*** Begin section ***
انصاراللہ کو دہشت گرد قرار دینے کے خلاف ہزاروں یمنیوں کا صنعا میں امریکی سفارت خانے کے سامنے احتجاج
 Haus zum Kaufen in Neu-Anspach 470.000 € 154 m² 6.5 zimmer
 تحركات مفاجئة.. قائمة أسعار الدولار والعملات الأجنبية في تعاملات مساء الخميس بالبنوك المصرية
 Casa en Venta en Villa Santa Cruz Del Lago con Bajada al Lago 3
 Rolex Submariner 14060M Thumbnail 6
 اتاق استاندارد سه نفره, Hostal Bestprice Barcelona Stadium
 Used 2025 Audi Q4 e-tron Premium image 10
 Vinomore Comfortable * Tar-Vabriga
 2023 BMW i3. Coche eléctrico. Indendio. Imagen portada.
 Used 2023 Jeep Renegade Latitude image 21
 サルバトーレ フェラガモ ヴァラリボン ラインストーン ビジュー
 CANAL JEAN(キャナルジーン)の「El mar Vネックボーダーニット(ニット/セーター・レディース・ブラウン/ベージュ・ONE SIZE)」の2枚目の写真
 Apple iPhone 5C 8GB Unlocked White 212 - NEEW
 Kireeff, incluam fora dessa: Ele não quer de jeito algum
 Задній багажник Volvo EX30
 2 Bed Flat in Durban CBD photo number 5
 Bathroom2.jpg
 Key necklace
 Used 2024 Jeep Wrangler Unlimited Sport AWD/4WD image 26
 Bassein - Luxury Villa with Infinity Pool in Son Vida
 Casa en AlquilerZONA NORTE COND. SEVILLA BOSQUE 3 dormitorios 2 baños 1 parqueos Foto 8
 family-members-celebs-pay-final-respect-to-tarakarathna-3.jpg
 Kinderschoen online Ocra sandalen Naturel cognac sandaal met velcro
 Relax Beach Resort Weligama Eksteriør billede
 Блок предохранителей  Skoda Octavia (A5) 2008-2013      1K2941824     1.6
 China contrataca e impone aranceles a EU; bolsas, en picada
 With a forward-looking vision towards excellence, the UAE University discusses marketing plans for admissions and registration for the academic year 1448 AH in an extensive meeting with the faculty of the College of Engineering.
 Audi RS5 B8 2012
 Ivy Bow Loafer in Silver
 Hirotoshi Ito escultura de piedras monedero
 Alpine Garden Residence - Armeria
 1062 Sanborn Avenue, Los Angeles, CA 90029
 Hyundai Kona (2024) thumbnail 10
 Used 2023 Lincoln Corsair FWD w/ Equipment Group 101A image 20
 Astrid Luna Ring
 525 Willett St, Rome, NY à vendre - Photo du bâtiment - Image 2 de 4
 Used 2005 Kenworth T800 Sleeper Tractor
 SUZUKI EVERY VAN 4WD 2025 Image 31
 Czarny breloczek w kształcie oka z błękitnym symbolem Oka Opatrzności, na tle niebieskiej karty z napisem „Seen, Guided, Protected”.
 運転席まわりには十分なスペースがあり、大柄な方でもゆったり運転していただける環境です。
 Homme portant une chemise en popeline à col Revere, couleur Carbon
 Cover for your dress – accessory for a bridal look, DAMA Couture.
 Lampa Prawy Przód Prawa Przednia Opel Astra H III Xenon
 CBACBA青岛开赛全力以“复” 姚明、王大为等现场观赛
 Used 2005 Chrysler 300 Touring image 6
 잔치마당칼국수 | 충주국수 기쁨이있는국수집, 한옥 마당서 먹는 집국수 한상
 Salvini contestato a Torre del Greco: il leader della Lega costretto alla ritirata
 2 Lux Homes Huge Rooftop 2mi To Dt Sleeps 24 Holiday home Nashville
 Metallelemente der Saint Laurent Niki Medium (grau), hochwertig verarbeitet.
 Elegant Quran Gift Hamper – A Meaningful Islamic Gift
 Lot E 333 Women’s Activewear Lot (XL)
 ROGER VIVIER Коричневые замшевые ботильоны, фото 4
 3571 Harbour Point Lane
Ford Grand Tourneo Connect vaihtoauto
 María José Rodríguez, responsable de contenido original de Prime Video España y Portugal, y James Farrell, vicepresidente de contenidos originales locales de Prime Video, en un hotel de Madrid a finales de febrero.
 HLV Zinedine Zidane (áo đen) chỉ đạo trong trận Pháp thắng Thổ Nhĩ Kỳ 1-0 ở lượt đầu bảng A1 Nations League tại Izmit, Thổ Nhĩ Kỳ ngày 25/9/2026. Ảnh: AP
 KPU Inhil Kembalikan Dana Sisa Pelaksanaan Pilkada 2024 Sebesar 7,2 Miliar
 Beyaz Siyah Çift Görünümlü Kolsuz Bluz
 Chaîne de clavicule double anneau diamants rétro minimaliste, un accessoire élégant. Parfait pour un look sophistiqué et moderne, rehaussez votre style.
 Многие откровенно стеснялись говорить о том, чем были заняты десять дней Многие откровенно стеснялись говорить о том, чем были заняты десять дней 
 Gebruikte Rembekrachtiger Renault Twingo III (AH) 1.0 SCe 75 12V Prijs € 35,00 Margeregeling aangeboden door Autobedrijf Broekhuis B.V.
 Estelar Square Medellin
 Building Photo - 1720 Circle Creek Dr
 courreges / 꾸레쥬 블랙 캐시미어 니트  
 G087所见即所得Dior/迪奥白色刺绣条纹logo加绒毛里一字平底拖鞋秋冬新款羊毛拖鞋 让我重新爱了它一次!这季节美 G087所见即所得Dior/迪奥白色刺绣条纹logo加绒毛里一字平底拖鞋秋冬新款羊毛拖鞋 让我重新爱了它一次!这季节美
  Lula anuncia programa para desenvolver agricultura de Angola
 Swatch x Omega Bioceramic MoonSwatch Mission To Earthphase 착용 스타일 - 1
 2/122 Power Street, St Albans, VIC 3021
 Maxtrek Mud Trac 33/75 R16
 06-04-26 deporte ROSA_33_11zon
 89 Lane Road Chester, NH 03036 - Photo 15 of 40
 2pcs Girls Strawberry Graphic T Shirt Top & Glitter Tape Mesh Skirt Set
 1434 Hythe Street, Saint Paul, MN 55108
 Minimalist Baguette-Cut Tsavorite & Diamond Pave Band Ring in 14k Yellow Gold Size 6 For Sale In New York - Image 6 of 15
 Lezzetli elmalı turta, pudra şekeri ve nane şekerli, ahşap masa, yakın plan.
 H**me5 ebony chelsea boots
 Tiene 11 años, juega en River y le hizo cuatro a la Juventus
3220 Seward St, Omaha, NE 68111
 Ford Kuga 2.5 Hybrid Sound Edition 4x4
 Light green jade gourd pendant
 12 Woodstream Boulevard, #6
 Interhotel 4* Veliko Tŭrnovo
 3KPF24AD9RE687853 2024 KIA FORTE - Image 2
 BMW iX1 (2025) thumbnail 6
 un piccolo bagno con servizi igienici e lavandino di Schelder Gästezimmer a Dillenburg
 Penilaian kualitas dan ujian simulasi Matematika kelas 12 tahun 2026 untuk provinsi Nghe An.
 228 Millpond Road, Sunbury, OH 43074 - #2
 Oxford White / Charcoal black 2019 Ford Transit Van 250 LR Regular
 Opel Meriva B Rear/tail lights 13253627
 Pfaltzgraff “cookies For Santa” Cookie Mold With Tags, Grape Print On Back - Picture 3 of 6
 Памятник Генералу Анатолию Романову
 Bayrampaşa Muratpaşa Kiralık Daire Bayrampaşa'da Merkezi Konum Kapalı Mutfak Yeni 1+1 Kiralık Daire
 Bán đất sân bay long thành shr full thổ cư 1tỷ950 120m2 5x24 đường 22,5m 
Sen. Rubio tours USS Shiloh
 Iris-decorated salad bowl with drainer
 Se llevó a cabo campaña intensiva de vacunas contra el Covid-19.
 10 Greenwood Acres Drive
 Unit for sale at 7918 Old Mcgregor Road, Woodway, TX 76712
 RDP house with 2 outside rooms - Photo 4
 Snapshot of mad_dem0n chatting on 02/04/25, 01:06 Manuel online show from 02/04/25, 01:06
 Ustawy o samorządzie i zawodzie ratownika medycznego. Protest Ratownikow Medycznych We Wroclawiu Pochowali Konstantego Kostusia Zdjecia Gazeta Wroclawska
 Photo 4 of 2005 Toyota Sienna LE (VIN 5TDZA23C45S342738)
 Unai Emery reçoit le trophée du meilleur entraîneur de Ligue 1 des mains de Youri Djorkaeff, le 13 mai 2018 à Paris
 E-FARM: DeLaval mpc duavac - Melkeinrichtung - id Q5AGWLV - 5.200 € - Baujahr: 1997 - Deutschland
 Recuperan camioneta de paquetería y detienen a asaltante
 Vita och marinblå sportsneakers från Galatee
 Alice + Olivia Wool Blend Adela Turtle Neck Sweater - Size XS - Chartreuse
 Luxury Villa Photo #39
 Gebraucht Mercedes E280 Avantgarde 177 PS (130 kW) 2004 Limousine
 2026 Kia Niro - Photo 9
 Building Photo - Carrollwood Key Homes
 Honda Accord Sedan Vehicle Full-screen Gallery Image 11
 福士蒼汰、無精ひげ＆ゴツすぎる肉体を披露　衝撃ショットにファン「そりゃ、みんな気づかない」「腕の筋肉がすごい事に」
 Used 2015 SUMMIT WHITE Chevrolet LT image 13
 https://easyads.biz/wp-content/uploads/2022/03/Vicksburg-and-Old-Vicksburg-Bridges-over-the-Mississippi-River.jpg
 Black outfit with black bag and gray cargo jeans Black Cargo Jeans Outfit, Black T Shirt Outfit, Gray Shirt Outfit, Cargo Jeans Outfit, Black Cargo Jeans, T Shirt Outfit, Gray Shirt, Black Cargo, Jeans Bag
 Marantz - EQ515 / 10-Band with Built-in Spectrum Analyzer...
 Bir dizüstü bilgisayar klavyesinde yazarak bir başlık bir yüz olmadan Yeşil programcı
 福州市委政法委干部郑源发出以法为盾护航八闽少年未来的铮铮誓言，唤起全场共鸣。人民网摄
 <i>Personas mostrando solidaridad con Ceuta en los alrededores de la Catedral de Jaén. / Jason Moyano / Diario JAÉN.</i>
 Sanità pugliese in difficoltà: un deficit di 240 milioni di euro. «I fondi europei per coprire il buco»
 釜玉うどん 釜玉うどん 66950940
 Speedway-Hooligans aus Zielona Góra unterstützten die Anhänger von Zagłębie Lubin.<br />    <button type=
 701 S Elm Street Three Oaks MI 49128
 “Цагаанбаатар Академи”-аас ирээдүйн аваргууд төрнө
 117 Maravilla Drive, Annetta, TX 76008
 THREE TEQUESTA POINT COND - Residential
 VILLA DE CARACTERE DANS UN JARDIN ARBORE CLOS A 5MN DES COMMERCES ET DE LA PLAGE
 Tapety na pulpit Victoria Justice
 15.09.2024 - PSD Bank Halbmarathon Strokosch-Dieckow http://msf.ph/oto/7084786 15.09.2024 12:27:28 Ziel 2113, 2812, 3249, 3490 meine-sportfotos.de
*** End section ***
» ACTIVITY: Only the lines above from the line containing "SUZUKI EVERY VAN 4WD 2025 Image 31" through the line containing "06-04-26 deporte ROSA_33_11zon" should be retyped, exactly and with both ends included.

» FINISHED EXERCISE:
 SUZUKI EVERY VAN 4WD 2025 Image 31
 Czarny breloczek w kształcie oka z błękitnym symbolem Oka Opatrzności, na tle niebieskiej karty z napisem „Seen, Guided, Protected”.
 運転席まわりには十分なスペースがあり、大柄な方でもゆったり運転していただける環境です。
 Homme portant une chemise en popeline à col Revere, couleur Carbon
 Cover for your dress – accessory for a bridal look, DAMA Couture.
 Lampa Prawy Przód Prawa Przednia Opel Astra H III Xenon
 CBACBA青岛开赛全力以“复” 姚明、王大为等现场观赛
 Used 2005 Chrysler 300 Touring image 6
 잔치마당칼국수 | 충주국수 기쁨이있는국수집, 한옥 마당서 먹는 집국수 한상
 Salvini contestato a Torre del Greco: il leader della Lega costretto alla ritirata
 2 Lux Homes Huge Rooftop 2mi To Dt Sleeps 24 Holiday home Nashville
 Metallelemente der Saint Laurent Niki Medium (grau), hochwertig verarbeitet.
 Elegant Quran Gift Hamper – A Meaningful Islamic Gift
 Lot E 333 Women’s Activewear Lot (XL)
 ROGER VIVIER Коричневые замшевые ботильоны, фото 4
 3571 Harbour Point Lane
Ford Grand Tourneo Connect vaihtoauto
 María José Rodríguez, responsable de contenido original de Prime Video España y Portugal, y James Farrell, vicepresidente de contenidos originales locales de Prime Video, en un hotel de Madrid a finales de febrero.
 HLV Zinedine Zidane (áo đen) chỉ đạo trong trận Pháp thắng Thổ Nhĩ Kỳ 1-0 ở lượt đầu bảng A1 Nations League tại Izmit, Thổ Nhĩ Kỳ ngày 25/9/2026. Ảnh: AP
 KPU Inhil Kembalikan Dana Sisa Pelaksanaan Pilkada 2024 Sebesar 7,2 Miliar
 Beyaz Siyah Çift Görünümlü Kolsuz Bluz
 Chaîne de clavicule double anneau diamants rétro minimaliste, un accessoire élégant. Parfait pour un look sophistiqué et moderne, rehaussez votre style.
 Многие откровенно стеснялись говорить о том, чем были заняты десять дней Многие откровенно стеснялись говорить о том, чем были заняты десять дней 
 Gebruikte Rembekrachtiger Renault Twingo III (AH) 1.0 SCe 75 12V Prijs € 35,00 Margeregeling aangeboden door Autobedrijf Broekhuis B.V.
 Estelar Square Medellin
 Building Photo - 1720 Circle Creek Dr
 courreges / 꾸레쥬 블랙 캐시미어 니트  
 G087所见即所得Dior/迪奥白色刺绣条纹logo加绒毛里一字平底拖鞋秋冬新款羊毛拖鞋 让我重新爱了它一次!这季节美 G087所见即所得Dior/迪奥白色刺绣条纹logo加绒毛里一字平底拖鞋秋冬新款羊毛拖鞋 让我重新爱了它一次!这季节美
  Lula anuncia programa para desenvolver agricultura de Angola
 Swatch x Omega Bioceramic MoonSwatch Mission To Earthphase 착용 스타일 - 1
 2/122 Power Street, St Albans, VIC 3021
 Maxtrek Mud Trac 33/75 R16
 06-04-26 deporte ROSA_33_11zon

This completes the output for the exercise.